● **What needs to be done**: Repeat exactly what runs from the line with "The Herman Miller" through the last line of the material, and keep the pictures out of it.

● **Recorded information**:
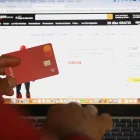 Una persona hace compras en línea usando su tarjeta bancaria.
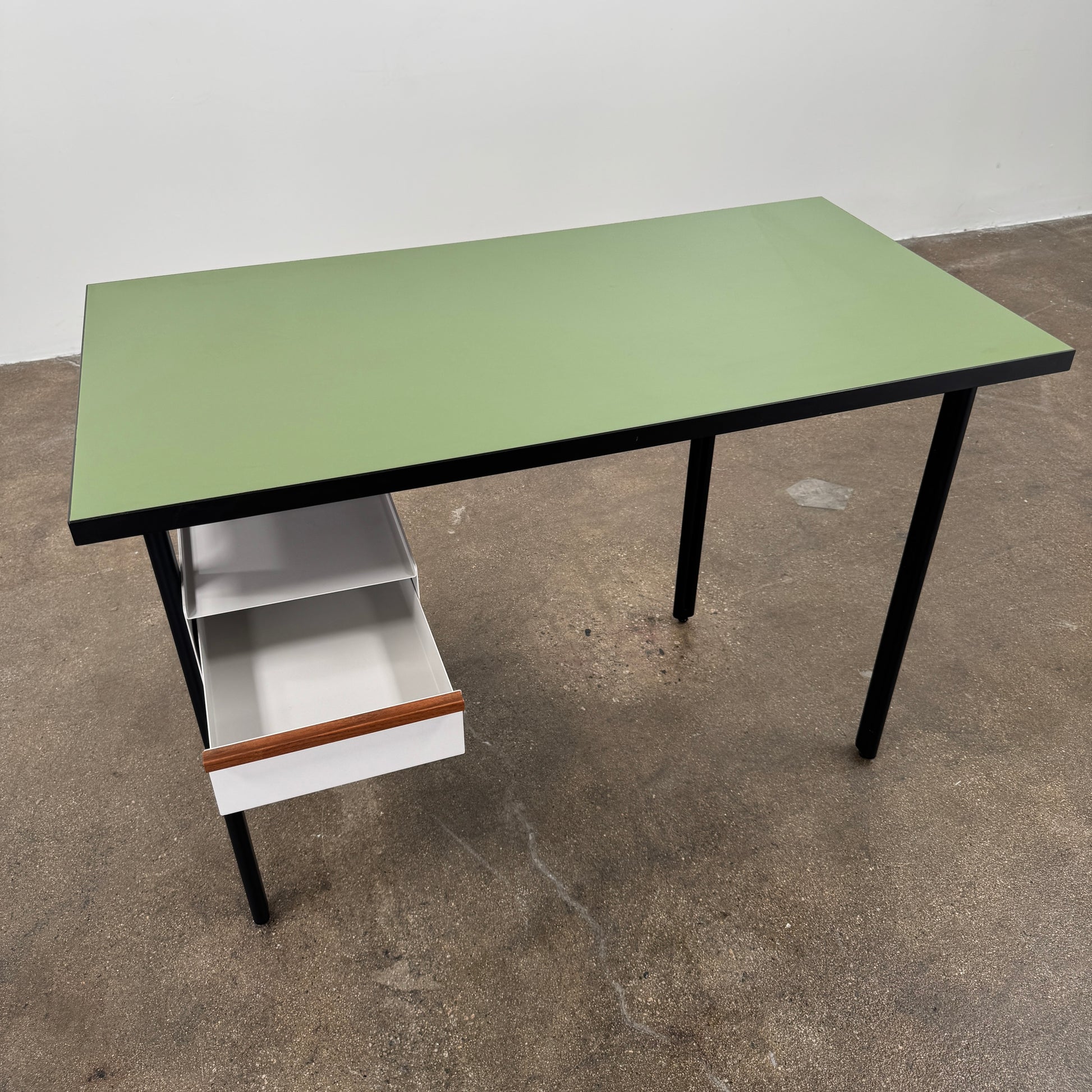 The Herman Miller Mode Desk by Herman Miller features a rectangular green tabletop, black legs, and three white drawers mounted underneath the left side—perfect as a compact desk for a minimalist workspace.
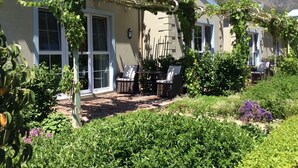 A house with a covered patio area, two outdoor chairs, and a garden with various plants and flowers.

● **Problem solution**:
 The Herman Miller Mode Desk by Herman Miller features a rectangular green tabletop, black legs, and three white drawers mounted underneath the left side—perfect as a compact desk for a minimalist workspace.
 A house with a covered patio area, two outdoor chairs, and a garden with various plants and flowers.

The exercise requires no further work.